China’s Drones Are Taking on ISIS (And Here’s Why America Should Worry)

    Arnaud Delalande

    Security, Middle East

    Chinese-made drones are proving their worth in combat.

    On Feb. 12th, 2018, the Iraqi ministry of defense released a video depicting its Chinese-made CH-4B armed unmanned aerial vehicles. The brief report underscores the type’s success in Iraqi service.

    The video claims that the CH-4B drones have executed most of their attack and reconnaissance missions in northwest Iraq. Since their entry into operational service, they have performed no fewer than 260 air strikes against Islamic State targets, with a success rate close to 100 percent.

    Iraq ordered its CH-4Bs from China in 2014, probably after the visit to Iraq by the Chinese foreign minister in February of that year. The CH-4 is inspired by the General Atomics MQ-1 Predator and is designed by China Aerospace Long March International.

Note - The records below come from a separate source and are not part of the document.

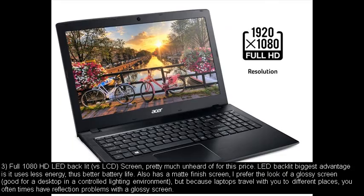Number three: full 1080p HD LED backlit versus LCD screen — pretty much unheard of for this price. LED backlit's biggest advantage is it uses less energy, thus better battery life. It also has a matte finish screen. I prefer the look of a glossy screen, which is good for a desktop in a controlled lighting environment, but because laptops travel with you to different places, you often have reflection problems with a glossy screen.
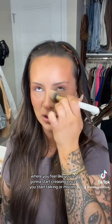Under eyes, crow's feet, nostril, smile lines, chin dimples — anywhere you feel like you're going to start creasing once you start talking or moving. The order I like: inner corner to outer, inner corner to nostril, nostril to smile line, down to chin. That's how I like to set.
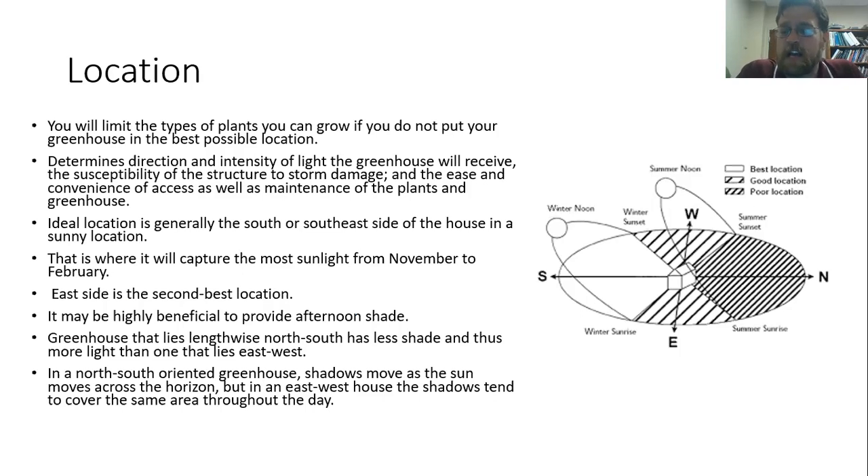Particularly down here in the south, it may be beneficial during the summer to have a little bit of shade. If you have some trees around the greenhouse that are leafed out in the summer but lose their leaves in the fall and winter, that can actually be of benefit — it gives you a little extra shade in the summer when greenhouse temperatures are really high, but the leaves fall down and let sunlight through in the winter, so you get the best of both worlds.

    The CH-4B version, as ordered by Iraq, can carry a payload of 761 pounds, compared to the CH-4A with its 254-pound payload. Weapons can include two AR-1/HJ-10 anti-tank guided missiles, Chinese equivalents of the Lockheed Martin AGM 114 Hellfire, and two FT-9 GPS-guided bombs.

    The CH-4B has a ceiling of 23,000 feet, a cruise speed of up to 112 miles per hour, a maximum speed of 130 miles per hour, an endurance of 14 hours and an operating radius of 155 miles. The first batch was received on Jan. 23, 2015 and the first photographs — showing three vehicles — circulated that March.